九州国立博物館は、福岡県太宰府市に東京、京都、奈良に続く4番目の国立博物館として、「日本文化の形成をアジア史的観点から捉える」という新しい視点から計画された建物である。
博物館の外観を特徴づける大屋根の緩やかなシルエットは、周囲の山並みに溶け込むような形状を呈している。壁面にはガラスカーテンウオールを採用し、全体をダブルスキンの構成とすることで自然環境の変化から貴重な文化財を守ると同時に、訪れる人にとって居住性の良い室内環境を形成している。
施設のゾーニングは大きく3層で構成されており、第三層に常設展示と企画展示を、第二層には収蔵、保存修復、研究および管理などの博物館の中枢部門を、第一層には文化交流関連の施設を配置した。

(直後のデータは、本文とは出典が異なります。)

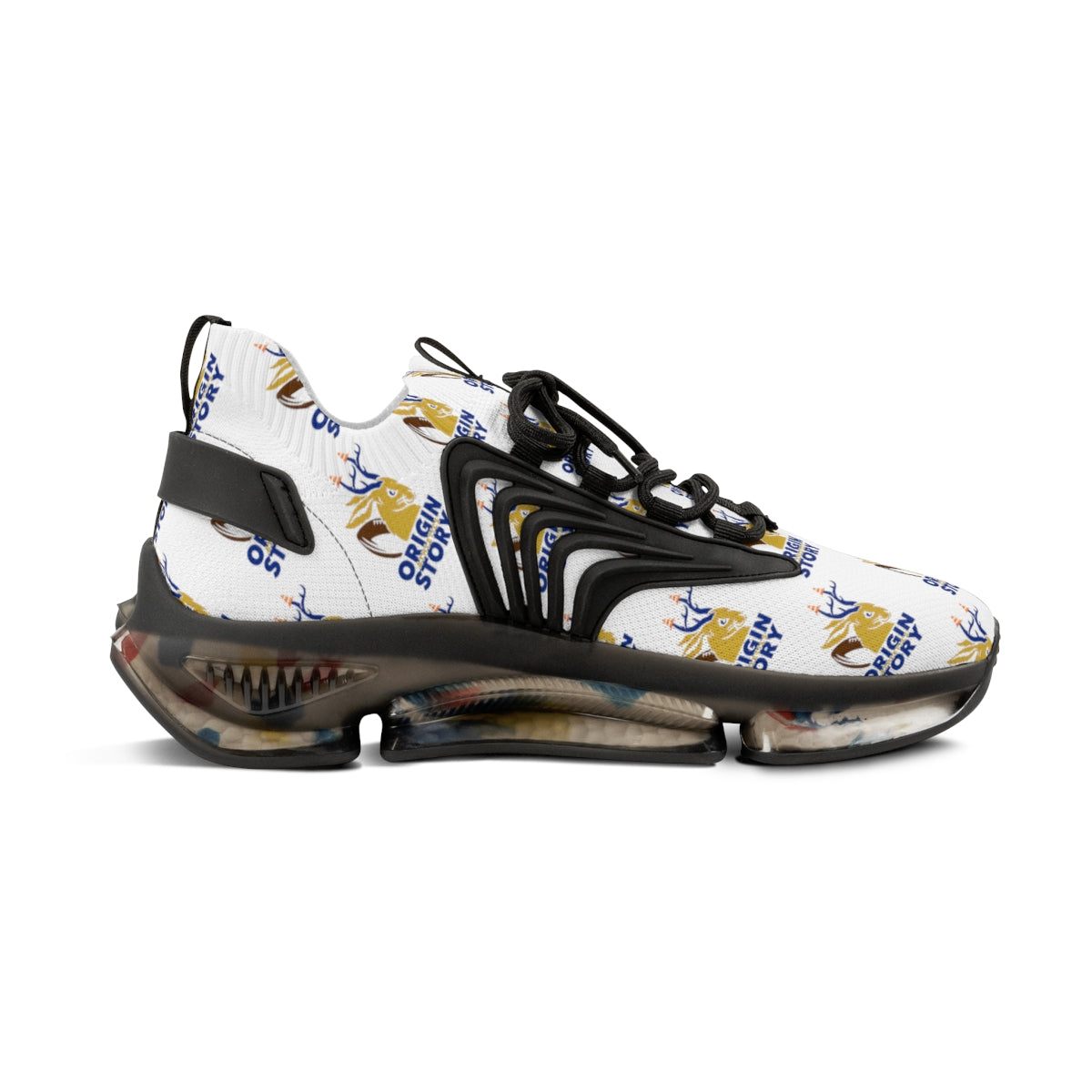 Men's Mesh Sports Sneakers
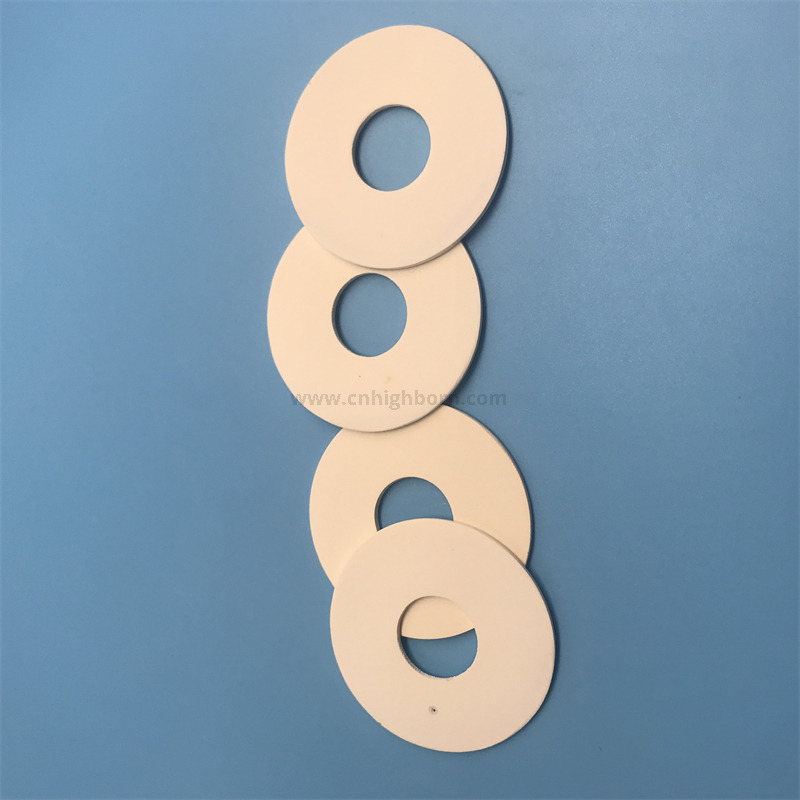 天然硅藻土多孔过滤盘硅藻土陶瓷环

敷地の持つ勾配を利用して、共用部の各ゾーンをスキップ状に配置し、その全体を外殻(屋根架構)で覆うことで、多層にわたる大空間を設けている。これを「インテグレーテッドフォーラム」と名づけ様々な文化活動に利用可能な場とした。
上部二層の博物館機能の部分に免震構造を採用し、大地震時の人命保護に加え、貴重な展示資料や収蔵資料を保護し、博物館機能を守る計画としている。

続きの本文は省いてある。